Foreclosure defense attorney Mark Stopa attended a hearing last week on a Motion to Dismiss before a Pinellas County judge.  The hearing was, unfortunately, like all too many other hearings in foreclosure cases – the judge denied the motion to dismiss (without reading or even looking at the case law and statutes provided).  This hearing stood out, though, for two reasons:  (1) the judge, upon seeing the case had been pending since 2008, actually said it was his/her (no reason to reveal the gender of the judge) ”job” to move cases towards judgment; and (2) the judge ordered the parties to mediation even though both parties said they did not want to go, then acted like he/she had done my client a favor.   The tone and demeanor of the judge was as if he/she was saying ”I denied your motion to dismiss, but I’m ordering mediation, and now you can work something out there.”  
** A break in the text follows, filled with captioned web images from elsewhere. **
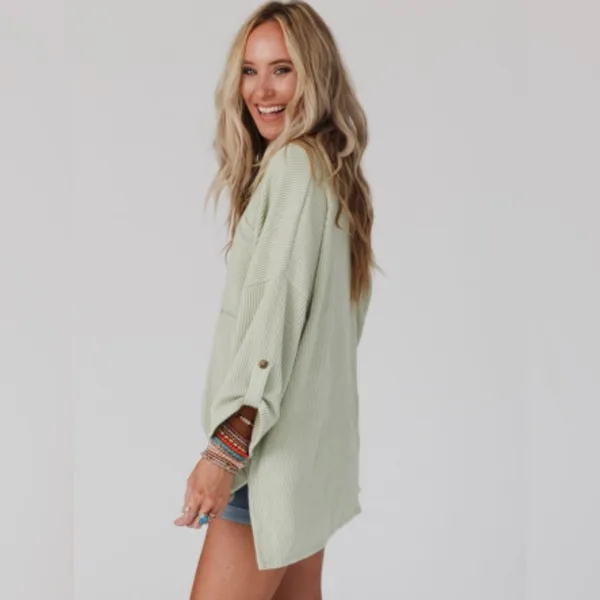 NEW Pale Green Ribbed Oversized Slouchy Roll Tab Sleeve Top Size Small - Image 3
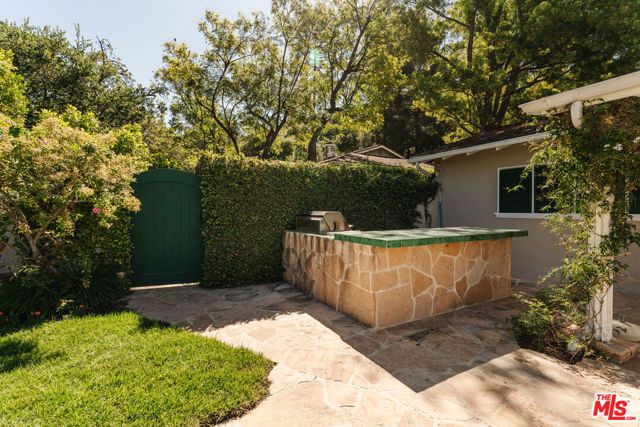 4451 Coronet Drive, Encino (los Angeles), CA 91316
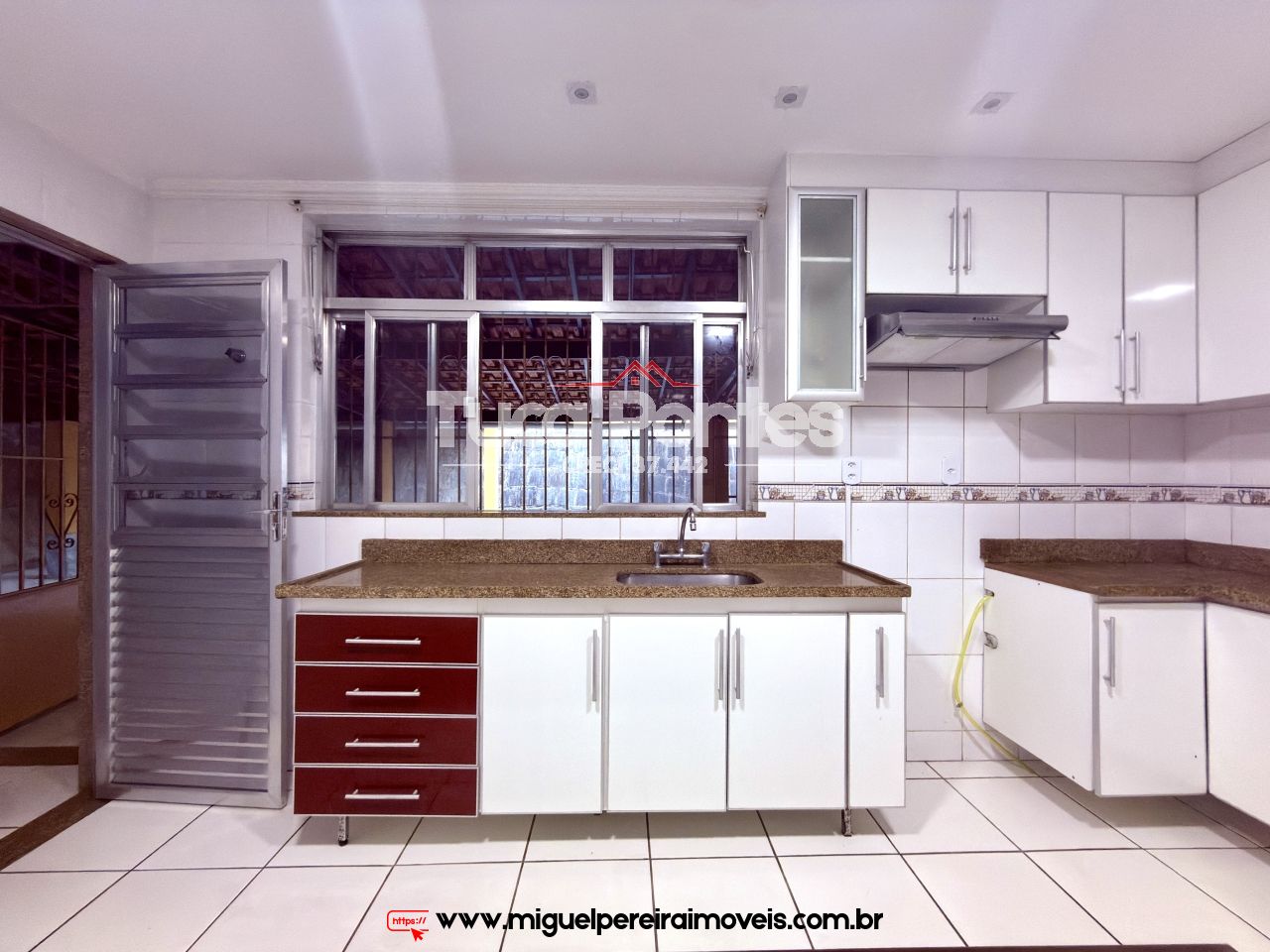 Centro !!! - Residencial podendo ser comercial | Código:C39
In my view, the judge was totally missing the boat.  Respectfully, how is a mediation going to accomplish anything when the bank has already indicated it’s not going to settle?  More importantly, how are mediations ever going to keep homeowners in their homes when judges are systematically pushing through foreclosure lawsuits, entering final judgments for the banks for all of the relief requested?   The incident got me thinking, and, ultimately, writing a letter to the Honorable Thomas McGrady, Chief Judge of Florida’s Sixth Judicial Circuit, which can be found here –   

Open Letter to Judge McGrady

Mediations have settled lawsuits throughout Florida for many decades, primarily for two reasons: (1) parties want to avoid expenses (attorneys’ fees) associated with litigation; and (2) parties want to eliminate their risk of losing the case.  The problem with mediating foreclosure cases is that banks perceive no risk of loss because judges so rarely, if ever, rule in the homeowner’s favor.  Why should a bank settle when it knows the judge will enter judgment in its favor for all of the relief requested?   

Contrary to what banks and their lawyers (and even some judges) may believe, Florida homeowners have valid defenses to foreclosure in many cases – and I’m not just talking about the fraudulent assignments with which we’ve become so familiar.  For instance, in recent weeks I’ve seen several cases where the bank attached a Note to a Complaint that contains an indorsement to a different company (not the plaintiff), I move to dismiss on the basis the bank is not the “holder” under Section 671.201(21), and magically, the bank then files the same Note, only this time it has two more indorsements on it, including one to the bank that is suing.  When this happens, it’s clear that the indorsements were done after the suit was filed – after all, if they were done beforehand, the Note attached to the Complaint would have contained all three indorsements.  This is a fatal impediment to forelosure because standing cannot be acquired post-filing.  In cases like this, final judgments should be entered for homeowners, yet that never happens.  Why?  There have been hundreds of thousands of foreclosure cases filed in Florida, yet I don’t know that I’ve ever seen a case where a final judgment was entered in the homeowner’s favor on a standing defense.  With respect to our learned judges, how is that possible? 

I get that judges want us to mediate these cases.  I get that judges want to reduce the backlog of cases on their dockets.  But until judges start ruling for homeowners in some of these cases, banks will never perceive that they have a risk of losing, and they’ll never settle, no matter how many mediations they’re ordered to attend.  

If judges want cases to settle, it’s incumbent upon them to start listening to the arguments of the many bright foreclosure defense attorneys in Florida, applying the law, and, when appropriate, entering orders and judgments in favor of homeowners, even if they haven’t paid their mortgage.  Until the banks start perceiving that they can lose a case, the mediation process, no matter how well-intentioned, just won’t work.